April 27, 2006 9:56 AM   Subscribe

LinguisticsFilter: There are a lot of resources explaining how to transcribe a language into IPA, but I don't have any that get into the nitty gritty of how one language pronounces a given consonant compared to another. Are there good resources on this front? Are there resources on how to speak in various foreign accents?

I'm an opera singer, and have had diction classes and read books on simply getting a full IPA transcription of a language, but there's a significant step between reading IPA and reading Italian, for example. German and English both have the "sh" sound, but the German one has much lower formants. Where do I get practical resources on these subtle differences? (By practical, I mean something that can be helpful for learning these, like audio files comparing languages, accents, etc.)

A particularly useful learning tool I've seen in the past is the use of accents in English, where the teacher will speak the same phrase in an accurate American, British, German, French, etc accent, and the differences become extremely clear. Are there resources for this?
posted by sirion to Science & Nature (8 answers total) 5 users marked this as a favorite
How about the Speech Accent Archive?
posted by Alison at 10:23 AM on April 27, 2006

UCLA has a phonetics archive. Tons of useful stuff. Also, they offer a CD with the original Sounds of the World's Language on it. SOWL is a probably a pretty good resource for you, but the CD's expensive. Try ILL'ing it.
posted by cog_nate at 11:15 AM on April 27, 2006

Well, this guy might be of some help [found long ago on Languagehat].
posted by oflinkey at 2:29 PM on April 27, 2006

I'm surprised that a strict IPA transcription wouldn't help you understand accents. Maybe look for transcriptions with lots of diacritics which help you understand the forming of each sound. Accents are just words said in one language using the phonemes of another language, so they should be able to be transcribed using strict IPA. When you say "how one language pronounces a given consonant compared to another" do you mean the actual letter, like t or the actual sound, like the different t's in 'tap' and 'later'?

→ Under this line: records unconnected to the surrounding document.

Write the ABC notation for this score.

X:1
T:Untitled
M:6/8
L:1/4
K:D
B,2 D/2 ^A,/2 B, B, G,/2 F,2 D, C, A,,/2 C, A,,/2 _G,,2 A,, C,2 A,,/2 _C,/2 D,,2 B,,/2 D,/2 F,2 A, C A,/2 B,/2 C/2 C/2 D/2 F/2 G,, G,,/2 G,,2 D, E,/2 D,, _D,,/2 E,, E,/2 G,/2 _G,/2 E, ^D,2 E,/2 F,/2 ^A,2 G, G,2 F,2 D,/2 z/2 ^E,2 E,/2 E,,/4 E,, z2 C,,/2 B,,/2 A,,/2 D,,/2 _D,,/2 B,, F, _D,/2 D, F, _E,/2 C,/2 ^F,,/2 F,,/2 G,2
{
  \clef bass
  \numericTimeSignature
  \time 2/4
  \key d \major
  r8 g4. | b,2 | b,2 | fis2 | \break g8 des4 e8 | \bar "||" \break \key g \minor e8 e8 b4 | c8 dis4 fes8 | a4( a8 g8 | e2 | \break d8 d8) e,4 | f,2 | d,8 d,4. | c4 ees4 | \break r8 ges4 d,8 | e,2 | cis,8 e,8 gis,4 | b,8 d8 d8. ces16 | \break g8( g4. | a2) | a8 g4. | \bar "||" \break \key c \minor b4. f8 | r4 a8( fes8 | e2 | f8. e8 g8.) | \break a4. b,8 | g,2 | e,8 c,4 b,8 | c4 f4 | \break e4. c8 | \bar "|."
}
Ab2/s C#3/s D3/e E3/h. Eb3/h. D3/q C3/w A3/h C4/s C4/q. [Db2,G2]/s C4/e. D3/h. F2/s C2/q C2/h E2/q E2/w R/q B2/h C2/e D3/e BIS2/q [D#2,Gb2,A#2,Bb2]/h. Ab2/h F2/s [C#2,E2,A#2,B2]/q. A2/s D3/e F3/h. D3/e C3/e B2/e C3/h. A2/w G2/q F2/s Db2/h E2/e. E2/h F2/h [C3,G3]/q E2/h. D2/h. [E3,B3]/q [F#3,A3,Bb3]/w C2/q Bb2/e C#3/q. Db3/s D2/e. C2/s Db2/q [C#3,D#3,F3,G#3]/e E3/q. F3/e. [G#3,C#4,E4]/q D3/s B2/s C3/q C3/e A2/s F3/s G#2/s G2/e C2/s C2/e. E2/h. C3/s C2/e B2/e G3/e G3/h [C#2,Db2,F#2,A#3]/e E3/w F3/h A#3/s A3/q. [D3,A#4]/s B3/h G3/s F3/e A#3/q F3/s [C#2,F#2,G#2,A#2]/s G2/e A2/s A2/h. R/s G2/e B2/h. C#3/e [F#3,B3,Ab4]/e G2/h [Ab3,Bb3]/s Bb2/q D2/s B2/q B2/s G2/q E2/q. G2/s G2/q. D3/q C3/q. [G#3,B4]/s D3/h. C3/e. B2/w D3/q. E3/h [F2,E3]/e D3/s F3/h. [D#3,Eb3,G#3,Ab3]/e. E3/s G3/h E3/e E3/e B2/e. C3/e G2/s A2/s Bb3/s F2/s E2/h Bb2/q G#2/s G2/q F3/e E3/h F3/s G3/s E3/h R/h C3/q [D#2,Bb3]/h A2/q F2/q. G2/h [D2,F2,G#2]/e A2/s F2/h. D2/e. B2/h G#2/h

If the IPA charts don't help, maybe the SAMPA charts might.
posted by nakedsushi at 2:45 PM on April 27, 2006

There's a huge amount to accents that the IPA alone can't represent. If you look in Kenyon and Knott, you'll see that for many words the Southern variant is the same as the New York variant. After your head's done exploding from that one, you'll see that that's actually accurate in terms of the IPA, which does nothing to indicate the relative lengths of the phonemes.
posted by Zed_Lopez at 4:11 PM on April 27, 2006

I think what you're looking for are phonetic contrastive analyses.

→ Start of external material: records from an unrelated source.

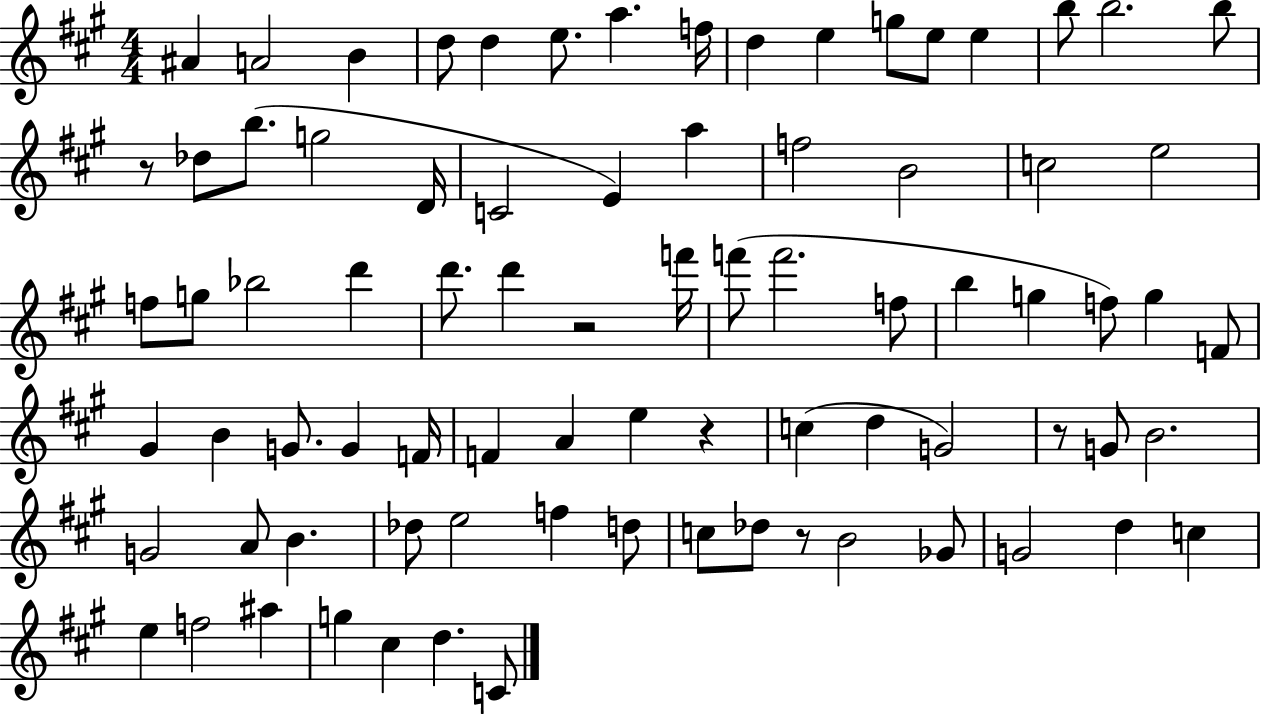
A#4/q A4/h B4/q D5/e D5/q E5/e. A5/q. F5/s D5/q E5/q G5/e E5/e E5/q B5/e B5/h. B5/e R/e Db5/e B5/e. G5/h D4/s C4/h E4/q A5/q F5/h B4/h C5/h E5/h F5/e G5/e Bb5/h D6/q D6/e. D6/q R/h F6/s F6/e F6/h. F5/e B5/q G5/q F5/e G5/q F4/e G#4/q B4/q G4/e. G4/q F4/s F4/q A4/q E5/q R/q C5/q D5/q G4/h R/e G4/e B4/h. G4/h A4/e B4/q. Db5/e E5/h F5/q D5/e C5/e Db5/e R/e B4/h Gb4/e G4/h D5/q C5/q E5/q F5/h A#5/q G5/q C#5/q D5/q. C4/e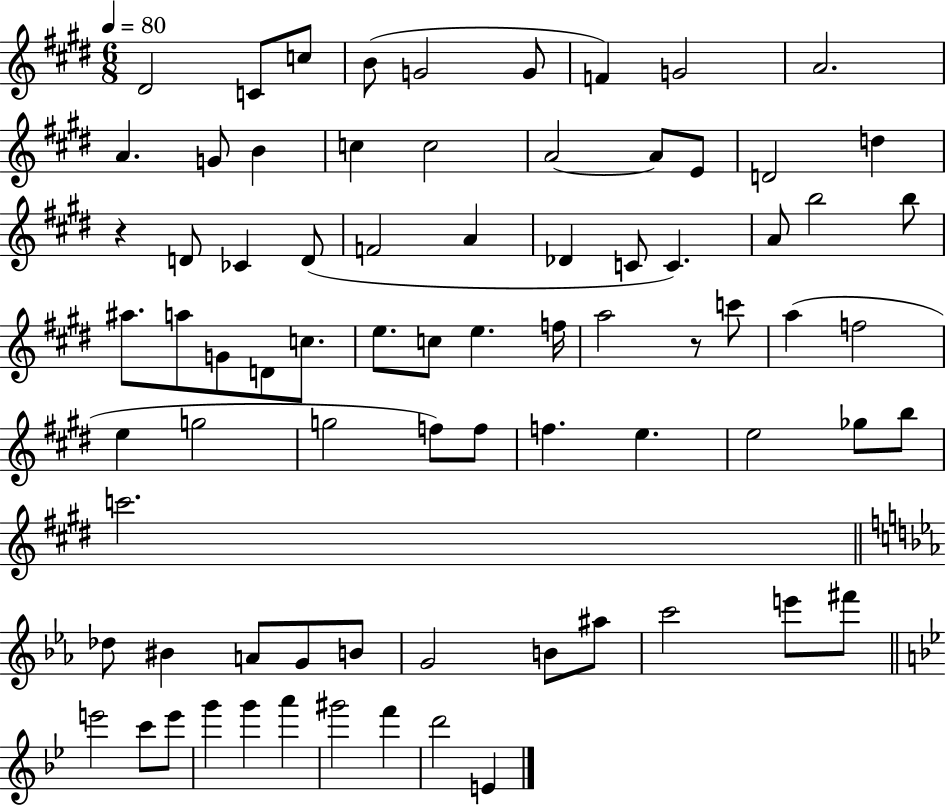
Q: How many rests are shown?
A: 2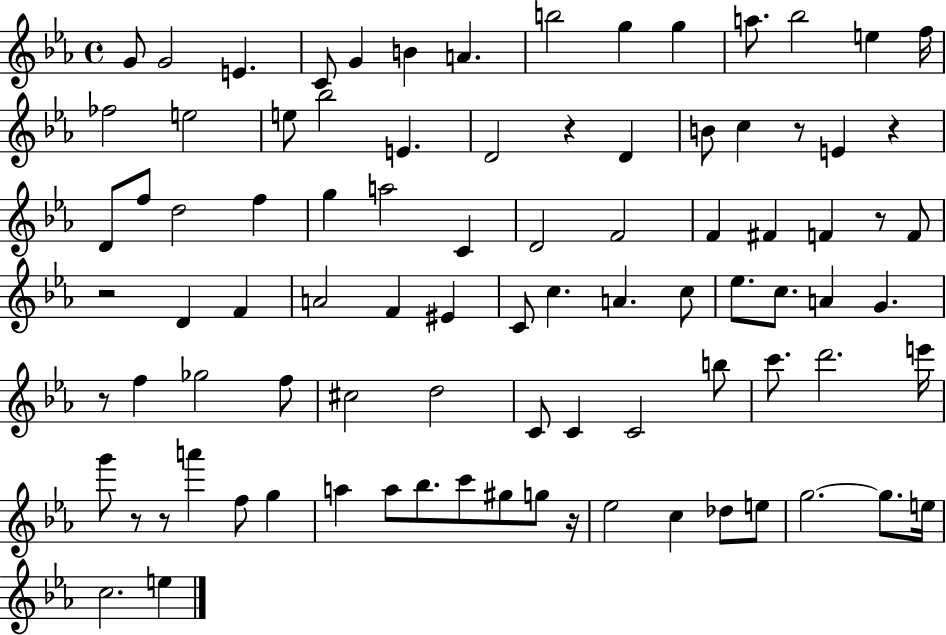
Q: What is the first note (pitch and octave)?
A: G4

If you read phonetic contrastive analyses on English vs. X language, you can see what the general problematic differences are, and work on those.

You spoke of formants in your question. Knowing the formant levels of an utterance might help you talk about the differences between languages, but it likely won't help you actually imitate a specific sound. You can't train your mouth to make lower formants. (Or maybe as a trained opera singer, you can. But let's say operatic training doesn't give you this ability.) The things you can do are change where your tongue is placed, whether you aspirate your consonants or not, etc.

Other than that, I suppose you could have a native speaker of both languages pronounce the same word, listen closely, and note the differences. Depending on how you learn, reading about the differences might be more helpful, or hearing the differences might be the only way you'll catch them.
posted by TG_Plackenfatz at 4:27 PM on April 27, 2006

the IPA, which does nothing to indicate the relative lengths of the phonemes.

I don't have any good answers to the question (except to look in grammars, and understand the distinction between broad and narrow transcription), but this is absolutely not true, at least in practice. I don't remember whether it's officially part of IPA, but IPA transcriptions almost universally use ":" to indicate length, either of vowels or consonants. There are a few other things you might need to know (like dipthongs are always long but not necessarily marked as such), but this is sufficient for describing the vast majority of length contrasts (if not all).
posted by advil at 5:18 PM on April 27, 2006

Actually, to update what I said, IPA officially includes even more length marking for really narrow transcriptions -- cf. the chart, in the "suprasegmentals" section. Though in practice you never need anything except short and long, and many languages in broad transcription there's no need to mark length at all.